Le film démarre avec la légèreté d’une comédie sentimentale pour, à la fin du parcours, basculer dans le drame.
La Presse — Après «Les graines du diable» (Zariât Ibliss), Khalil Bahri propose, cette fois-ci, dans son nouvel opus «Donya», un sujet pertinent d’actualité, le thème du féminicide à travers le personnage d’un pervers narcissique.
Produit par Majdi Housseini et Saïd Saïdi sans subvention de l’Etat, le film explore les violences conjugales qui peuvent conduire jusqu’à la mort. Un thème très peu abordé dans le cinéma tunisien. «Donya» a été projeté en avant-première au Colisée et sort en salles à partir du 21 du mois courant.

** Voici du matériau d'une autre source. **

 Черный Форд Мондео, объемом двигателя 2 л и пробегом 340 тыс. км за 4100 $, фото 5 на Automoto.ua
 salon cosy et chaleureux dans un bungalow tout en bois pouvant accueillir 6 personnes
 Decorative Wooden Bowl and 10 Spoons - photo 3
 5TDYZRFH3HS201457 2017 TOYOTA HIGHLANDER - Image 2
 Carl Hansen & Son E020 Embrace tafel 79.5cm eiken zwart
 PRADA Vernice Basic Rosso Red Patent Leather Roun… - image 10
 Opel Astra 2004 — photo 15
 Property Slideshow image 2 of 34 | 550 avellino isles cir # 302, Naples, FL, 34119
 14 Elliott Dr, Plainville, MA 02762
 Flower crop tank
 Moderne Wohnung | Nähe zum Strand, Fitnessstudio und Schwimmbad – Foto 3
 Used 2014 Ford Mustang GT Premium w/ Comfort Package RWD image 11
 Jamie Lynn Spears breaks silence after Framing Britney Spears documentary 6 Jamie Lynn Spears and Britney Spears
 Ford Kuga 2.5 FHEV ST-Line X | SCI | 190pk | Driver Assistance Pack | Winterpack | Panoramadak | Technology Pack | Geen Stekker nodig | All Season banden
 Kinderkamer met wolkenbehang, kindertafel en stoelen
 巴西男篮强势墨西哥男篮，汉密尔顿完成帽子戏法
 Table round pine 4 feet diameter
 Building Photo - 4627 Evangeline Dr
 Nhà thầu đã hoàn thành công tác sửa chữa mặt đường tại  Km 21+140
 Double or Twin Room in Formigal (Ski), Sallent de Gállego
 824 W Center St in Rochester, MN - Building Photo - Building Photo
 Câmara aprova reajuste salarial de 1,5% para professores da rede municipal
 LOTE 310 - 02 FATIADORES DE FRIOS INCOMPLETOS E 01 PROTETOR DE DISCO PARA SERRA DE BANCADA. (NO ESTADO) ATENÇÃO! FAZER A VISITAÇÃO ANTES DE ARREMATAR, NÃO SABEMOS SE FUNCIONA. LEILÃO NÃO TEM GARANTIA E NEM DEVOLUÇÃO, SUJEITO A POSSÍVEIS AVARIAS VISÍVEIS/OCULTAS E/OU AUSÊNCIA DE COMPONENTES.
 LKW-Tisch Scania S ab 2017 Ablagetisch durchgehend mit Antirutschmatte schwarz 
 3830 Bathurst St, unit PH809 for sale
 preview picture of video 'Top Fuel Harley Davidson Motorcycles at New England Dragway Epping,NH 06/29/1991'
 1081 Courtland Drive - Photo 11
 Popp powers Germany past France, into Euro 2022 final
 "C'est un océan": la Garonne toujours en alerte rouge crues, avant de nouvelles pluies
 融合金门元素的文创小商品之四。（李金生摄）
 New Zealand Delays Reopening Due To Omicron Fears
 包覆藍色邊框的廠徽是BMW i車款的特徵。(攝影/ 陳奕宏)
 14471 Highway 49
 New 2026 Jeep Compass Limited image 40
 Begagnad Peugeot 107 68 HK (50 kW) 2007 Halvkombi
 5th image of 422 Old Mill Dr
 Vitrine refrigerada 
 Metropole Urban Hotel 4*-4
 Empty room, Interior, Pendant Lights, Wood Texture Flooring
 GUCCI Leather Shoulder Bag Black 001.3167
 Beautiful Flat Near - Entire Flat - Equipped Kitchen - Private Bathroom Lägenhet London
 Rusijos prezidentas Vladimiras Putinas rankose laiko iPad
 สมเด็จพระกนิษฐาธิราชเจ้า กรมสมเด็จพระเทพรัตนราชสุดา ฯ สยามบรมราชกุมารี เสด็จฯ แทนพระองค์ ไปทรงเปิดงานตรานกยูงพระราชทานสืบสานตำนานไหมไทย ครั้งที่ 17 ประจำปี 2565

Le film démarre avec la légèreté d’une comédie sentimentale pour, à la fin du parcours, basculer dans le drame. Dans une maison cossue située à la campagne dans une nature verdoyante loin des regards et des bruits de la ville, Donya (Najla Ben Abdallah), mariée en secondes noces avec Saïd (Mohamed Mahran), homme d’affaires égyptien installé en Tunisie, viennent passer avec leurs trois enfants (deux filles que Donya a eus du premier mariage et un garçon avec Saïd) quelques jours de vacances.
Des journées de sorties dans la forêt et de pique-nique, le soir jeu d’échecs autour de la cheminée, une vie cosy qui sent la sérénité. Tout sourit à Donya qui baigne dans le bonheur conjugal. Mais les vacances ne se passent pas comme prévu.
Parfois, la machine conjugale grince lorsque Saïd lance des prises de bec à l’endroit de sa femme dont il n’aime pas la mère, refusant catégoriquement qu’elle leur rende visite.
Ces rixes interviennent dans la majorité des couples, mais après une brève tempête tout revient dans l’ordre. Or, Saïd, continue insidieusement, en pervers narcissique, à alterner la figure du mari amoureux et attentionné et celle du monstre qui cherche à nuire à sa femme.
La question du divorce est soulevée mais vite abandonnée. Prévoyant et aimable, il va jusqu’à lui offrir ce qu’il a de plus cher : le collier de sa mère.
Lors d’une sortie en forêt, Saïd s’absente, retourne à la maison fouiller dans les affaires de sa femme et tombe sur son journal intime.
Il décide alors de renvoyer les enfants chez leur grand-mère prétextant de vouloir passer en tête à tête des moments intimes avec sa chère épouse. Et c’est là que tout bascule.
Le récit passe de la joie à l’angoisse, de la lumière à l’obscurité. La lenteur des plans est à l’image de l’inertie qui s’empare de Donya. La descente aux enfers commence.
Victime de ses doutes, de ses émotions et du désir de possession de l’autre au point de le faire disparaître, Saïd transforme le court bonheur conjugal en drame.
Le réalisateur déconstruit un à un les mécanismes qui conduisent à la violence et à l’emprise conjugale.
Un piège qui se construit peu à peu et dans lequel le partenaire se laisse avoir. Malgré le rythme lent et quelques lacunes (Saïd part en chasse, mais on ne le voit à aucun moment au moins faire semblant de chasser), le film se laisse voir et montre la destruction à petit feu et les ravages causés par les relations de couple qui deviennent toxiques et peuvent mener à la catastrophe.
Najla Ben Abdallah campe avec subtilité le rôle d’une femme fragile amoureuse de son mari, tantôt heureuse, tantôt angoissée, impuissante face à son partenaire séduisant et manipulateur qui veut toujours avoir le dernier mot et lui impose une vie émotionnellement instable.
De son côté, Mohamed Mahran, obsédé par le contrôle de sa femme, se montre parfois affable et parfois irascible. Ses sentiments vont détruire son couple et sa famille. Il joue à la fois au tendre et au monstrueux.
Il est victime de ses émotions et bourreau de la violence psychologique qui va détruire sa vie et celle de sa famille.